**RAW DATA:**
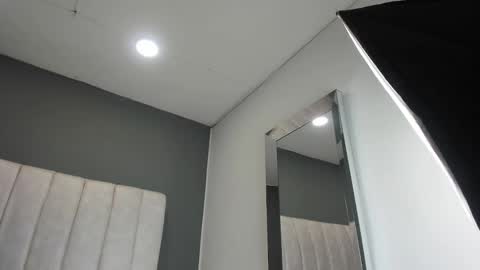 M E L I S S A  online show from January 2025 12:13:02 PM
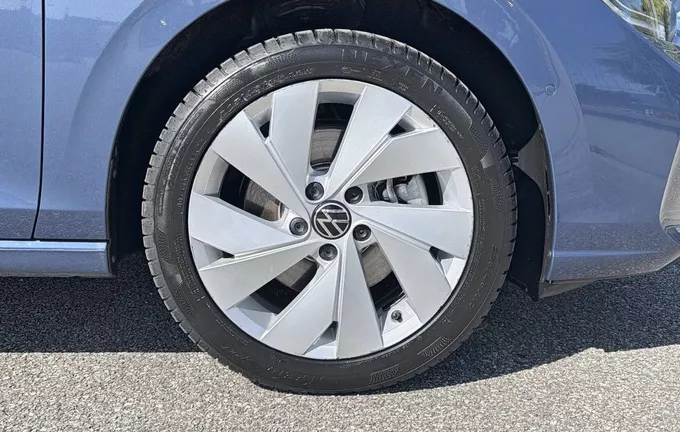 VOLKSWAGEN GOLF 1.5 eHybrid 204 DSG6 VW Edition photo 9 2128162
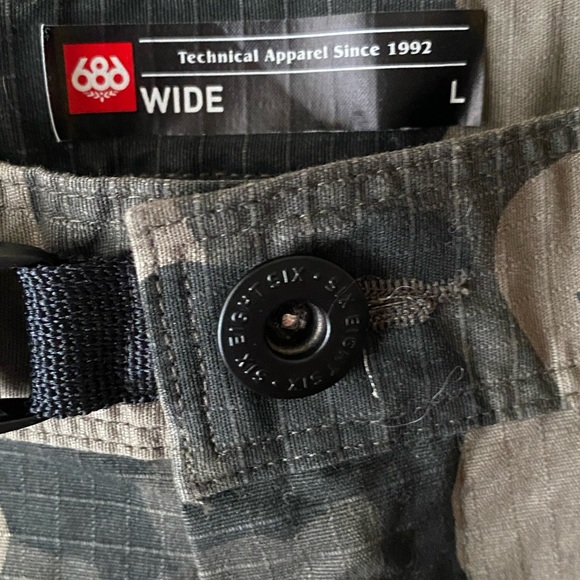 686 Cruiser Gray Camo Cotton Ripstop Wide Leg Tech Pants SZ L - Picture 3 of 10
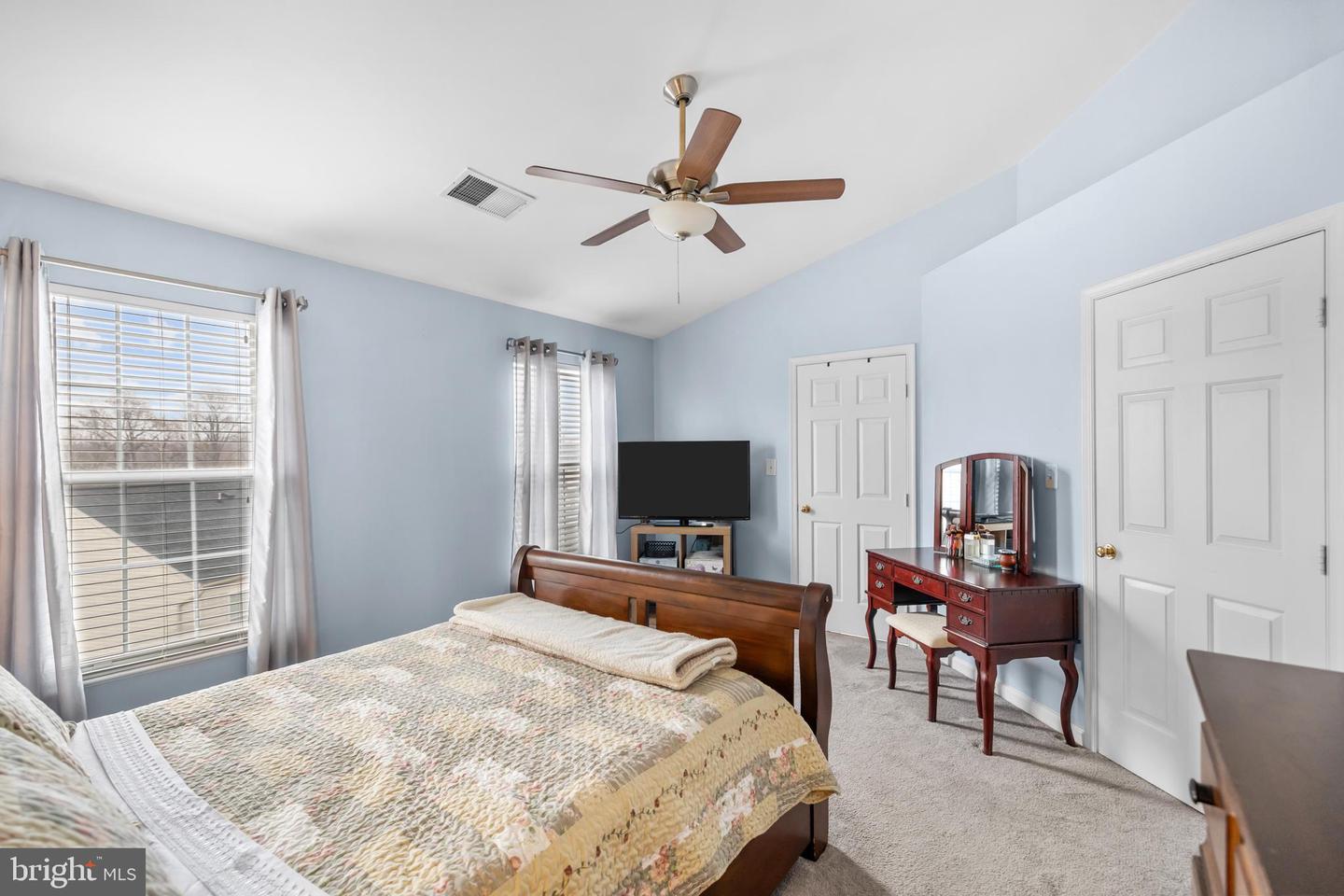 2576 GRAYTON LN, WOODBRIDGE, Virginia 22191, 3 Bedrooms Bedrooms, ,3 BathroomsBathrooms,Residential,For sale,2576 GRAYTON LN,VAPW2112442 MLS # VAPW2112442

**WHAT IS NEEDED:** Take the whole listing above and copy it exactly. Pictures do not go into the copy.

**WRITTEN RESPONSE:**
 M E L I S S A  online show from January 2025 12:13:02 PM
 VOLKSWAGEN GOLF 1.5 eHybrid 204 DSG6 VW Edition photo 9 2128162
 686 Cruiser Gray Camo Cotton Ripstop Wide Leg Tech Pants SZ L - Picture 3 of 10
 2576 GRAYTON LN, WOODBRIDGE, Virginia 22191, 3 Bedrooms Bedrooms, ,3 BathroomsBathrooms,Residential,For sale,2576 GRAYTON LN,VAPW2112442 MLS # VAPW2112442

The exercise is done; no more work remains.